July 2015 – June 2016
Submitted by Suman Bannerjee, SIGMOBILE Chair
www.sigmobile.org

The purpose of ACM SIGMOBILE is to promote research and development by bringing together researchers and practitioners and fostering interest in the mobility of systems, users, data, and computing. SIGMOBILE will address the above spectrum of topics, sharing one common theme - mobility. The group's technical scope reflects the emerging symbiosis of portable computers and wireless networks, addressing the convergence of mobility, computing and information organization, its access, services, management and applications.

In the past few years, mobile computing is a fast moving, topical, and exciting area of computer science and engineering. Supporting the mobile computing and wireless networking research community, SIGMOBILE sponsors multiple successful conferences and workshops (MobiCom, MobiSys, MobiHoc, SenSys, UbiComp, WUWNet, PerDis, and HotMobile) that are well attended by its members, and generating high quality and widely cited publications. These are valuable services for SIGMOBILE’s members and the community, resulting in a strong Special Interest Group, with about 700 members.

SIGMOBILE’s Executive Committee (EC) comprises of:

  • Chair: Prof. Suman Banerjee (University of Wisconsin-Madison);
  • Vice Chair: Prof. Lili Qiu (University of Texas at Austin, USA);
  • Secretary: Dr. Alec Wolman (Microsoft Research, Redmond); and
  • Treasurer: Prof. Marco Gruteser (Rutgers University).
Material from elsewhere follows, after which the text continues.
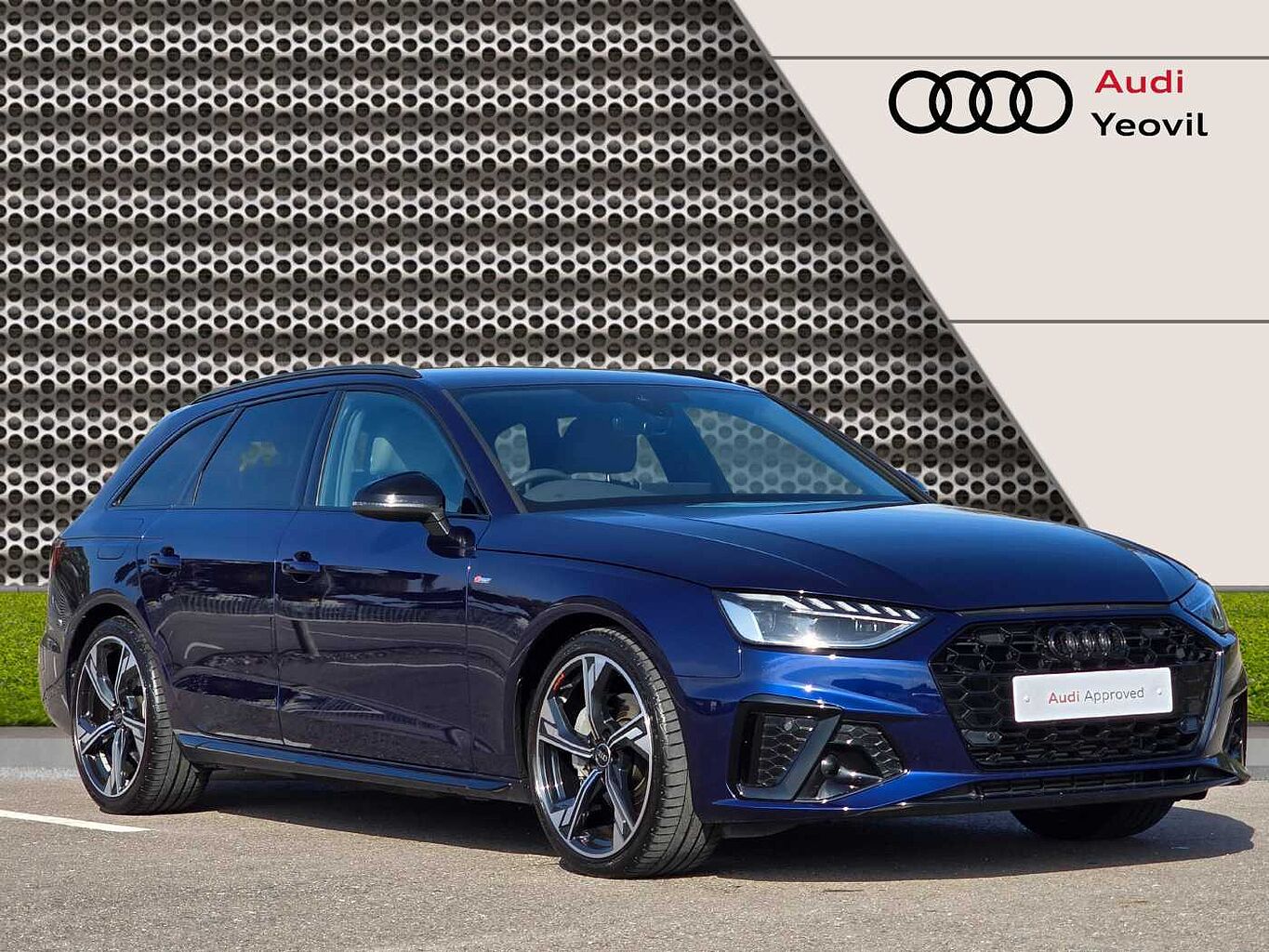 Main listing image - Audi A4 Avant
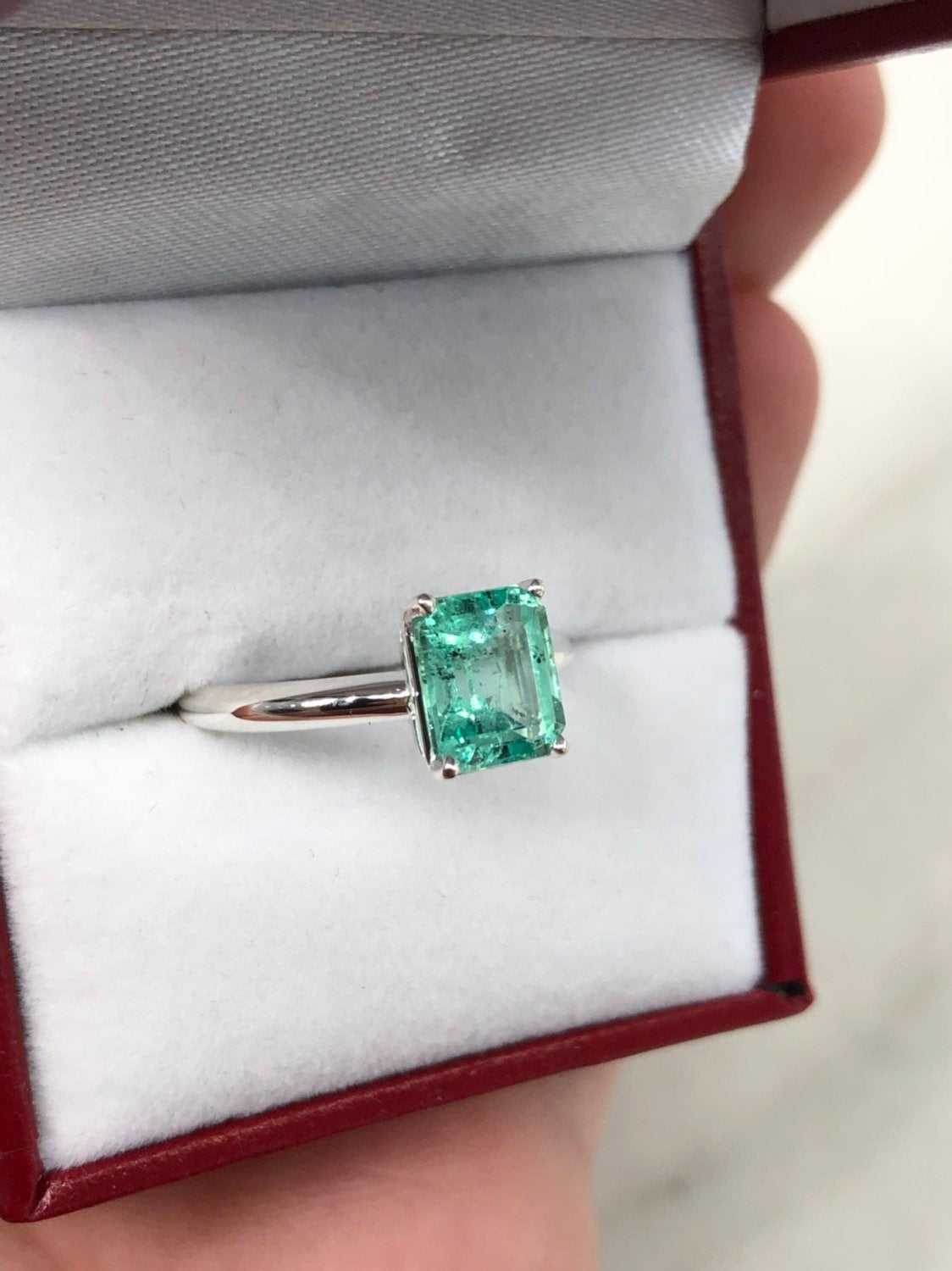 1.50 Carat Natural Emerald Solitaire Engagement Ring in 925 Sterling Silver - Perfect for Proposals, Anniversaries & Romantic Occasions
In addition, SIGMOBILE’s leadership has introduced a number of new appointed positions to match the expanding activities and events of this community. They include:

  • Editor-in-Chief (EIC) for SIGMOBILE's journal/newsletter for our members (Mobile Computing and Communications Review or MC2R): Prof. Eyal de Lara (Univ. of Toronto, Toronto, Ontario, Canada)
  • Information Director: Dr. Sharad Agarwal (Microsoft Research) --- handles all content and communication from SIGMOBILE via websites, social media, and email.
  • Digital Library Coordinator: Dr. Guanling Chen (University of Massachusetts Lowell, USA) --- coordinates issues related to publications from our conferences and workshops.
  • Award Committee Chair: Prof. Edward W. Knightly (Rice University, USA) --- manages the various key awards that the community bestows.
  • Outreach director: Dr. Thyaga Nandagopal (NSF, USA) --- assists authors of papers to broadly disseminate their work to the general public.
  • Video director: Shweta Jain (Rutgers University, USA) --- supports video recording of talks at major conferences

Awards

SIGMOBILE has a number of awards that it bestows of community members every year. In addition to the Outstanding Contributions Award (OCA) for career-long achievements, the Rockstar award for early career achievements, a Distinguished Service Award for service to the community, and various best paper awards at the leading conferences, SIGMOBILE introduced two new awards this year --- the Test of Time award for publications in any venue that appeared at least 10 years prior, and the ACM SIGMOBILE Doctoral Dissertation Award for best PhD work in the field.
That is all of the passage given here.